In the provided example, columns have the following data types:
glimpse(stocks)
#> Rows: 4
#> Columns: 3
#> $ year <dbl> 2015, 2015, 2016, 2016
#> $ half <dbl> 1, 2, 1, 2
#> $ return <dbl> 1.88, 0.59, 0.92, 0.17
The pivot_wider()
expression pivots the table to create a data frame with years as column names, and the values in return
as the column values.
stocks %>%
pivot_wider(names_from = year, values_from = return)
#> # A tibble: 2 x 3
#> half `2015` `2016`
#> <dbl> <dbl> <dbl>
#> 1 1 1.88 0.92
#> 2 2 0.59 0.17
The pivot_longer()
expression unpivots the table, returning it to a tidy data frame with columns for half
, year
, and return
.
stocks %>%
pivot_wider(names_from = year, values_from = return)%>%
pivot_longer(`2015`:`2016`, names_to = "year", values_to = "return")
#> # A tibble: 4 x 3
#> half year return
#> <dbl> <chr> <dbl>
#> 1 1 2015 1.88
#> 2 1 2016 0.92
#> 3 2 2015 0.59
#> 4 2 2016 0.17
There is one difference, in the new data frame, year
has a data type of character
rather than numeric
.
The names_to
column created from column names by pivot_longer()
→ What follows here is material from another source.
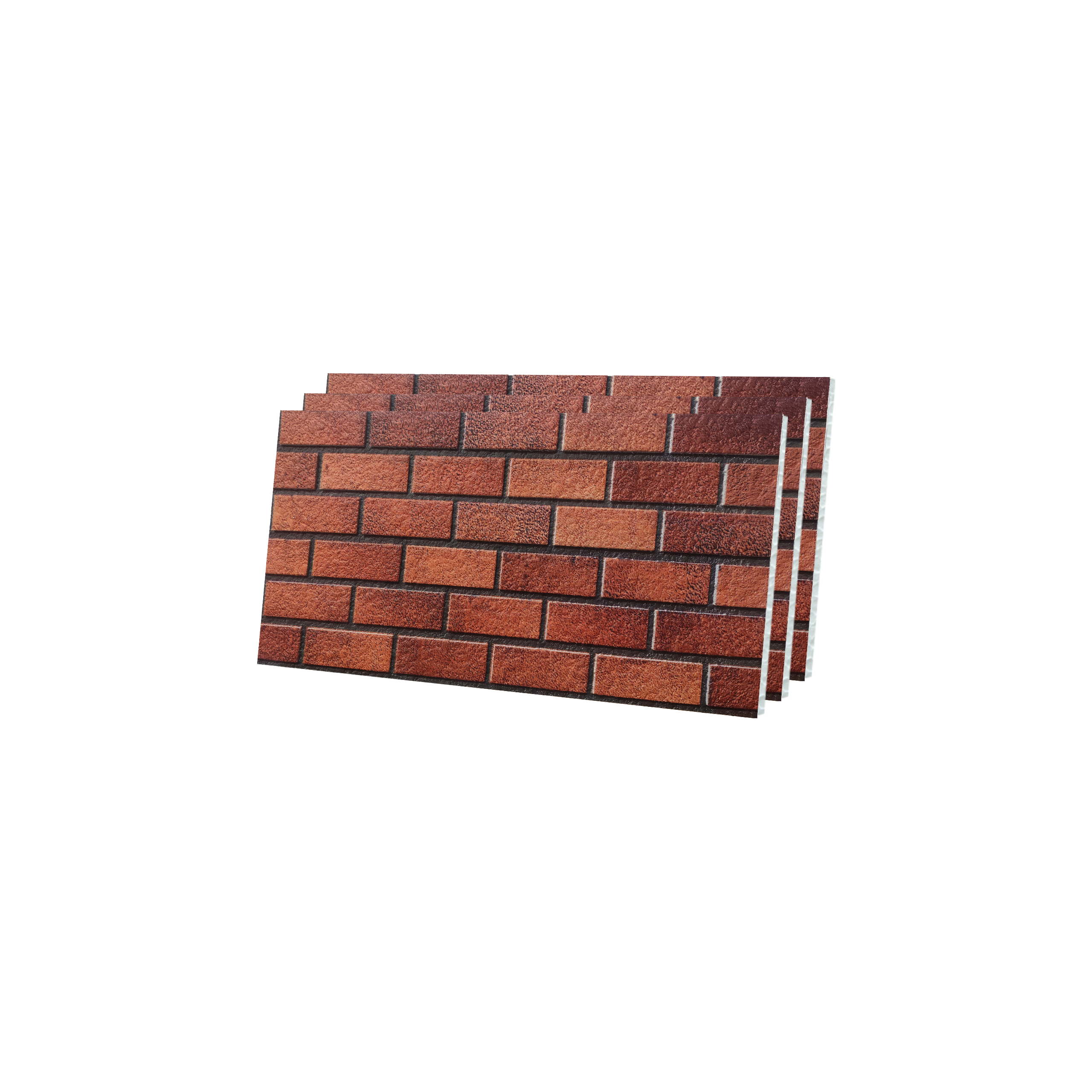 Oldbury T-1705 3D Decorative Wall Panels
will be character by default, which is usually a safe assumption, since syntactically valid-column names can only be character values.
The original data types of column which pivot_wider()
used to create the column names was not stored, so pivot_longer()
has no idea that the column names in this case should be numeric values.
In the current version of tidyr
, the names_ptype
argument does not convert the year
column to a numeric vector, and it will raise an error.
stocks %>%
pivot_wider(names_from = year, values_from = return)%>%
pivot_longer(`2015`:`2016`, names_to = "year", values_to = "return",
names_ptype = list(year = double()))
#> Error: Can't convert <character> to <double>.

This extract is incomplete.